Data Generalization is the process of creating successive layers of summary data in an evaluational database. It is a process of zooming out to get a broader view of a problem, trend or situation. It is also known as rolling-up data.
There are millions and millions of data stored in the database and this number continues to increase everyday as a company heads for growth. In fact, a group of process of process called extract, transform, load (ETL) is periodically performed in order to manage data within the data warehouse.
A data warehouse is a rich repository of data, most of which are historical data from a company. But in modern data warehouses, data could come from other sources. Having data from several sources greatly helps in the overall business intelligence system of a company. With diverse data sources, the company can have a broader perspective not just about the trends and pattern within the organization but of the global industrial trends are well.

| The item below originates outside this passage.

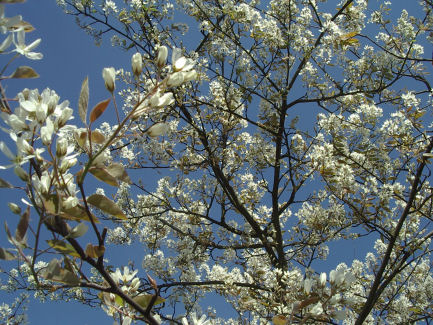08-De Krentenboom in volle bloei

In order to get a view of trends and patterns based on the analytical outputs of the business intelligence system can be a daunting task. With those millions of data, most of which disparate (but of course ironed out by the ETL process), it may be difficult to generate reports.
Dealing alone with big volumes of data for consistent delivery of business critical applications can already affect the network management tools of a company. Many companies have found that existing network management tools could hardly cope up with the great bulk of data required by the organization to monitor network and applications usage.
The existing tools could hardly capture, store and report on traffic with speed and granularity which are requirements for real network improvements. In order to keep the volume down to speed up network performance for effective delivery, some network tools discard the details. What they would do is convert some detailed data into hourly, daily or weekly summaries. This is the process called data generalization or as some database professionals call it, rolling up data. Ensuring network manageability is just one of the benefits of data generalization.
Data generalization can provide a great help in Online Analytical Processing (OLAP) technology. OLAP is used for providing quick answers to analytical queries which are by nature multidimensional. They are commonly used as part of a broader category of business intelligence. Since OLAP is used mostly for business reporting such as those for sales, marketing, management reporting, business process management and other related areas, having a better view of trends and patterns greatly speeds up these reports.
Data generalization is also especially beneficial in the implementation of an Online transaction processing (OLTP). OLTP refers to a class systems designed for managing and facilitating transaction oriented applications especially those involved with data entry and retrieval transaction processing. OLAP was created later than OLTP and had slight modifications from OLTP.
Many companies who have been using the relatively older OLTP cannot abandon OLTP's requirements and re-engineer for OLAP. In order to "upgrade" OLTP to some degree, the information system department needs to create, manage and support a dual database system. The two databases are the operational database and the evaluational database. The operational database supplies data to be used to support OLTP.
The evaluational database on the other hand will supply data to be used to support OLAP. By creating these two databases, the company can be able to maximize the effectiveness of both OLAP and OLTP. The two databases will differ in the characteristics of data contained within and how the data is used. For instance, in the "currentness" attribute of data, the operational data is current while the evaluational data is historic.